» TASK GOAL: Write down exactly the line where "Photo 26 of" occurs and every line that follows it through the end of the material below; include nothing else.

----

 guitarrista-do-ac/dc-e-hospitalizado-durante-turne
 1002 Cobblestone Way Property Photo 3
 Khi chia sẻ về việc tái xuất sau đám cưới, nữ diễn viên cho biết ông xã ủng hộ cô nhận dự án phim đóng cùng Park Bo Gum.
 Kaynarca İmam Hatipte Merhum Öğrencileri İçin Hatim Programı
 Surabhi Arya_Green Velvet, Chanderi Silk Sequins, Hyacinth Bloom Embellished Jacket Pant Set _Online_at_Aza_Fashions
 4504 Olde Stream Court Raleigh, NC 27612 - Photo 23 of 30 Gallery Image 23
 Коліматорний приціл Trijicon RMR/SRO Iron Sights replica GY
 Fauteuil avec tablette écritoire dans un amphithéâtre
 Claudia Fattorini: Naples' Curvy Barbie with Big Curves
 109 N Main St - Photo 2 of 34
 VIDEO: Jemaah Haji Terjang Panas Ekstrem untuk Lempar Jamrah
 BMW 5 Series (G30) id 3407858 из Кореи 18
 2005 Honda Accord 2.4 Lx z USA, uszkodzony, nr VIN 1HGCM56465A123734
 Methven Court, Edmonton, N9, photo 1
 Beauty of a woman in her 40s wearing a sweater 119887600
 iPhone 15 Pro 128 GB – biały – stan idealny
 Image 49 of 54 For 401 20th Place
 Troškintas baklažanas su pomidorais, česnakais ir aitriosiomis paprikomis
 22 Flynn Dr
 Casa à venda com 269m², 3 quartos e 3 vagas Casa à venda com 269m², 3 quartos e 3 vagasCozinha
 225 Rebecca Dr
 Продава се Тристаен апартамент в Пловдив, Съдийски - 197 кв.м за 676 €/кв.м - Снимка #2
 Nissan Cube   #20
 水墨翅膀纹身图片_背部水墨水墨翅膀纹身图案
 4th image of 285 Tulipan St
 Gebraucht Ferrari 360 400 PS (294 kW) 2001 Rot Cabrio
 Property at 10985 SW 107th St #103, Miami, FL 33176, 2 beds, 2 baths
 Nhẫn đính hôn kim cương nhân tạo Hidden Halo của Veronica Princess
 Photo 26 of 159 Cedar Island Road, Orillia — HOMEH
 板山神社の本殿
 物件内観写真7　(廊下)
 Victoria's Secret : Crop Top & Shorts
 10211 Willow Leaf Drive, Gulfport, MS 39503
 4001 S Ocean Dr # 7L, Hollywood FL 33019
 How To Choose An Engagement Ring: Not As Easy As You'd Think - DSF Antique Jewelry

----

» SOLUTION:
 Photo 26 of 159 Cedar Island Road, Orillia — HOMEH
 板山神社の本殿
 物件内観写真7　(廊下)
 Victoria's Secret : Crop Top & Shorts
 10211 Willow Leaf Drive, Gulfport, MS 39503
 4001 S Ocean Dr # 7L, Hollywood FL 33019
 How To Choose An Engagement Ring: Not As Easy As You'd Think - DSF Antique Jewelry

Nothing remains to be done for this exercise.